A directed acyclic graph (DAG) is a directed graph that contains no cycles. DAGs arise in a natural way in modelling situations in which, in some sense, going "forward" is sometimes possible but going "backward" is definitely not, so that if $v$ is reachable from $u$, we know that $u$ is not reachable from $v$ (unless $u = v$). An example is given by Water Park from CCC 2007. In the absence of mechanical intervention, water always flows from high altitudes to low altitudes, so that, when travelling along the waterslides, one can never arrive at the same spot twice. If we create a graph that has a vertex for each marked point in the water park and a directed edge from $u$ to $v$ whenever there is a water slide from $u$ to $v$, this graph will be acyclic, and hence a DAG. DAGs do not necessarily resemble undirected acyclic graphs (that is, forests) in form or in their properties; there may be multiple paths between a given pair of nodes.

## As a partial order

DAGs are often considered representations of partial orderings. We can establish a correspondence as follows:

1. Give each vertex of the DAG a unique label (such as the letters A, B, C, etc.). Each label corresponds to an element in our set.
2. We define our partial ordering as follows: $a \leq b$ in the ordering if and only if there exists a path from $u$ to $v$, where $u$ is the vertex in the DAG labelled with $a$ and $v$ is the vertex in the DAG labelled with $b$.

The ordering thus defined is reflexive, since every vertex is reachable from itself. It is antisymmetric, because if $u \leq v$ and $v \leq u$, and $u \neq v$, then we have a cycle that contains $a$ and $b$, a contradiction. And it is transitive because reachability is transitive; if there are paths from $u$ to $v$ and from $v$ to $w$ then we can concatenate them to obtain a path from $u$ to $w$. So the ordering we have defined is a partial ordering.

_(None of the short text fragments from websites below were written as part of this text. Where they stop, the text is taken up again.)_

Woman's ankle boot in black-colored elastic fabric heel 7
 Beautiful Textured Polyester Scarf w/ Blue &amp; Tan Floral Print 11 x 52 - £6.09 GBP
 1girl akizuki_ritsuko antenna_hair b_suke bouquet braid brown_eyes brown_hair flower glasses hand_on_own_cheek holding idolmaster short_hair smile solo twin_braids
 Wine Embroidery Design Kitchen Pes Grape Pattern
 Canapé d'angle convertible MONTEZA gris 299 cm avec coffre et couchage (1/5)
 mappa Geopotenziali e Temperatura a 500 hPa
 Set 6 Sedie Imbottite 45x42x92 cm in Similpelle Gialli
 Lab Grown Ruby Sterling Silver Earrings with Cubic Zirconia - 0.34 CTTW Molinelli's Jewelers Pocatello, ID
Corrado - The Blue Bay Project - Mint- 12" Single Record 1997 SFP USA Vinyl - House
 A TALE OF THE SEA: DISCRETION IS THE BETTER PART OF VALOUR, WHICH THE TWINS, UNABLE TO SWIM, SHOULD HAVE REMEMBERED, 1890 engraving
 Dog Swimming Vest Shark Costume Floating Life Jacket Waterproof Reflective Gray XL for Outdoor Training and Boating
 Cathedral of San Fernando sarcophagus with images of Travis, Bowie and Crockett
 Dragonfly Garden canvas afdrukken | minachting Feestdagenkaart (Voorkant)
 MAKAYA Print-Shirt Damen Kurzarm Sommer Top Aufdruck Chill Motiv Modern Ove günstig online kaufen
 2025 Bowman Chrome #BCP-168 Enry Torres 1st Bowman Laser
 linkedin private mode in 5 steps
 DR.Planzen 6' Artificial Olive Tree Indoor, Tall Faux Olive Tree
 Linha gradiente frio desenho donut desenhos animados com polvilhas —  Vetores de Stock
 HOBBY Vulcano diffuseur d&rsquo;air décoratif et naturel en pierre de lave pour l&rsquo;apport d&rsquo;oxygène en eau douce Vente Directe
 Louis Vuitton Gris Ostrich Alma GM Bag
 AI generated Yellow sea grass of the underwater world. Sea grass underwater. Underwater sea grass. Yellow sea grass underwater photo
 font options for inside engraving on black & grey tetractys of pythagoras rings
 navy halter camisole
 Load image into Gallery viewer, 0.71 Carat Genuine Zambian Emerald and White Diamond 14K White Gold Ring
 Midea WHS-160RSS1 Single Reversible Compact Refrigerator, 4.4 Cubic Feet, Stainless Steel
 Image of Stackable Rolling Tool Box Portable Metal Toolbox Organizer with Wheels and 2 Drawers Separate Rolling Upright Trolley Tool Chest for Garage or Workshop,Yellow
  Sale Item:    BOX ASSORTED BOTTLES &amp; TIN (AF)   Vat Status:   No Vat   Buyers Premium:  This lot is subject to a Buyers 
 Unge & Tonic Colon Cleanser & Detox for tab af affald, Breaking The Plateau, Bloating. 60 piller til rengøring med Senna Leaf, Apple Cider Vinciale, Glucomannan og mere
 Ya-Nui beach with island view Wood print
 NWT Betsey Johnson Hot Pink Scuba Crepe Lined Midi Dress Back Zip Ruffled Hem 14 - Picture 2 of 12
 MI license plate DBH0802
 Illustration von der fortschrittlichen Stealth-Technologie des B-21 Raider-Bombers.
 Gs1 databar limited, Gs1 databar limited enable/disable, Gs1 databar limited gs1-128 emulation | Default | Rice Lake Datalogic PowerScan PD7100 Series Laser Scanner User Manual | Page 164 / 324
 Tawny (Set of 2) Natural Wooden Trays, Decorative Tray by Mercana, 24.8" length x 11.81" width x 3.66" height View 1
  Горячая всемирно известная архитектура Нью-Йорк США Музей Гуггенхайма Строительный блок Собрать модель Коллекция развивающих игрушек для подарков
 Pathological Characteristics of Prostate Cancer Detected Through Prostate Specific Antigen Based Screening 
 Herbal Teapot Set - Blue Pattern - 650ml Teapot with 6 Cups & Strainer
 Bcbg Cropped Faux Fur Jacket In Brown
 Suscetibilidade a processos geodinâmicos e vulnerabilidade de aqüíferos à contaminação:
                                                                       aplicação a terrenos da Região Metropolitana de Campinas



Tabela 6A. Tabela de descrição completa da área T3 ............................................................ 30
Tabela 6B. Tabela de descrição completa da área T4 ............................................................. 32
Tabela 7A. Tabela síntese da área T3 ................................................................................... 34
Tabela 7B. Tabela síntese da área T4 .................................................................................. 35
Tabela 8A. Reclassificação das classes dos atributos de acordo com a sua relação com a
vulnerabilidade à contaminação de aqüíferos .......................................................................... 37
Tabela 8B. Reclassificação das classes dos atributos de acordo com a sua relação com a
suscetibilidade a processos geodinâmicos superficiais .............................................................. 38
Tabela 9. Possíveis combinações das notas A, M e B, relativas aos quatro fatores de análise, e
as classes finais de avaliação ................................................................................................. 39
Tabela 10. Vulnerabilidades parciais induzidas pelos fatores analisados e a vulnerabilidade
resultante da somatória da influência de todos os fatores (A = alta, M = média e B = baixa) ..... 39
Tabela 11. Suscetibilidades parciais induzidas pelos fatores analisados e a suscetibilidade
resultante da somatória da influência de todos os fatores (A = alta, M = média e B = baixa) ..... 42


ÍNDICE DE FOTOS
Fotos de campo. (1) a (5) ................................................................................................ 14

Note that whereas a given DAG will correspond to exactly one partial ordering (up to isomorphism) using this convention, there may be more than one DAG that corresponds to a given partial ordering. The DAG with the most edges that corresponds to a given partial ordering is known as the transitive closure, whereas the one with the fewest edges is known as the transitive reduction.

## Properties

A source is a node with zero in-degree; all edges point outward. Likewise, a sink is a node with zero out-degree. Every finite DAG has at least one source and one sink. To see this, choose any node. If it is a sink we are done; otherwise select any outgoing edge and follow it to another node. Repeating this process, we will never repeat a node, because the graph has no cycles, so after $V-1$ iterations (where $V$ is the number of nodes in the graph), this process must terminate. The proof that there must be at least one source is analogous.

In fact, a stronger statement holds: a directed graph may be topologically ordered if and only if it is acyclic (a DAG).

Because a DAG has no cycles, each vertex in a DAG forms a separate strongly connected component.

A DAG with $V$ vertices cannot have more than $V(V-1)/2$ edges, and this bound is attained by taking a complete undirected graph on $V$ vertices, assigning a different number to each vertex, and orienting all edges so that they point from the lower-numbered vertex to the higher-numbered vertex. Such a DAG represents a total order. The proof is not hard and is left as an exercise to the reader.

## Problems

The following problems either involve DAGs specifically or have simpler/faster solutions for DAGs than for other graphs.

• Single-source shortest paths can be computed in $O(E+V)$ time by topologically sorting first and then using dynamic programming.
• All-pairs shortest paths can be computed in $O(V(E+V))$ by $V$ invocations of the single-source algorithm. This is, however, no faster than breadth-first search when the DAG is unweighted, and no faster than the Floyd–Warshall algorithm when the graph is dense (so that it is an improvement only over sparse weighted DAGs).
• The same applies to the transitive closure problem – it is not easy to improve over the $O(V^3)$ bound given by Warshall's algorithm, but see this for a method that may perform better under certain circumstances. The bounds on the transitive reduction problem match those on transitive closure.
• Longest path problem: This can also be solved efficiently using dynamic programming. Note that we only need to consider paths that start at a source.
• Identifying all strongly connected components in a digraph and contracting each component to a single vertex produces a DAG, known as the kernel DAG. Adapting the special transitive closure algorithm on DAGs to the kernel DAG gives an algorithm which may be fast for some classes of digraphs. The kernel DAG is also useful as an intermediate structure in the solutions of various other problems.
• The minimum spanning arborescence problem does not have much to do with DAGs in general, but an arborescence is a specific kind of DAG that looks like a tree.